A batalha das Regiões
Unidade para vencer



Luís Sá
Membro da Comissão Política

Como se sabe, foi convocado um referendo sobre a regionalização. O PCP sempre criticou a solução. Contudo, esta é actualmente a única via para instituir as regiões. Com efeito, a revisão constitucional manteve a regionalização como constitucionalmente obrigatória, mas fez depender a sua instituição em concreto de um referendo com uma vertente nacional e uma vertente regional. Não há alternativa para tentar vencê-lo.


Alberto João e outros?

O que está essencialmente em causa com a regionalização é dotar de legitimidade democrática poderes que já existem, já estão instalados na periferia, mas não respondem pelos seus actos perante as populações.
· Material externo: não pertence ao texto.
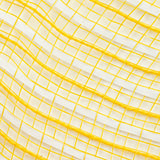 10" Fabric Stripe Mesh: Sunflower & White - 10 Yard Roll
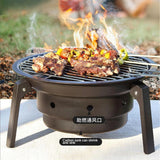 Home BBQ Grill Outdoor Cooking Equipment Portable BBQ Grill Camping Charcoal Grill Camping Cookware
Não instituir as regiões administrativas será seguir uma outra tradição, a dos períodos de centralização e autoritarismo.
Quando há eleições ninguém garante o resultado. Mas contrariar a sua existência por causa do resultado levar-nos-ia a defender a nomeação dos Presidentes de Câmara porque há escolhas pelo voto que não são adequadas. A luta terá que ajudar a resolver problemas onde existem. Mas é seguramente melhor a luta aberta do que a existência de poderes nomeados, instrumentos do poder central e que se ocultam na sombra, sem legitimidade directa e sem responderem pelos seus actos perante as populações.
Existem em Portugal - tal como lá fora - regiões muito diferentes em população, área, poderes e em razões que levaram a uma tal escolha. As regiões do Continente serão autarquias. Mas há sempre uma questão importante: dar às populações o direito de debater os problemas que têm e de escolher quem entende que os pode resolver. Quando se engana, é pela luta que temos que enfrentar esse facto e não defendendo que os poderes continuem a não ser eleitos.
Afirma-se, é certo, que Portugal é um país pequeno e por isso não precisaria de regiões. Quando assim se argumenta omite-se que países da Comunidade Europeia com a dimensão de Portugal, ou mais pequenos, estão regionalizados. As suas estruturas intermédias de poder têm em média menor área e menos população do que teriam as regiões do modelo que está proposto para Portugal. Afirma-se também que só faria sentido regionalizar para resolver problemas étnicos ou culturais que não existiriam em Portugal. Omite-se que a regionalização nem sempre tem que ter por fundamento problemas étnicos, mesmo a existência de nacionalidades. Há casos em que a regionalização tem outras razões, como organizar a Administração Pública de um país de forma mais racional e participada. De resto, regiões como as de Espanha estão por sua vez divididas em províncias, além dos municípios. A prova de que são necessárias é que Portugal sempre teve regiões, embora muitas vezes não eleitas.


Regiões diferentes

A regionalização tornou-se um dos mais importantes fenómenos da Europa Ocidental.
As razões que levaram à regionalização são diversificadas nos diversos países: trata-se, por vezes, de tentar resolver o problema da coexistência de várias nacionalidades no quadro de um Estado unitário, como acontece em Espanha em algumas das regiões; noutros, trata-se de ter em conta realidades particulares de carácter cultural, étnico e linguístico, como terá sido o caso do complexo processo da Bélgica; pode tratar-se da existência de «interesses específicos» decorrentes de particularidades geográficas e culturais que geraram aspirações de autonomia, como acontece, em Portugal, com as regiões autónomas dos Açores e da Madeira (e eventualmente com as Canárias): são as «regiões ultraperiféricas da UE», que deram origem a programas específicos tendo como fundamento o seu afastamento e a sua insularidade; outras vezes, pode existir um propósito de assegurar a partilha vertical de poderes criando estruturas legitimadas pelo voto, capazes de desenvolverem determinadas actividades com maior participação e intervenção popular e reequilibrando a distribuição de poderes entre eleitos e funcionários e o espaço para a política face ao aparelho administrativo central; pode eventualmente pesar também, em certos casos, a necessidade de organizar a Administração de forma descentralizada, aliviando o Estado-Administração Central de certas tarefas.
A democratização, racionalização e qualidade da organização administrativa que deve caber às regiões tem de ser o motivo privilegiado no caso do continente. A região pode aparecer, em diversos casos, mais como instrumento de ordenamento do território, planeamento, mobilização de recursos endógenos para o desenvolvimento, eficiência na gestão de recursos, etc..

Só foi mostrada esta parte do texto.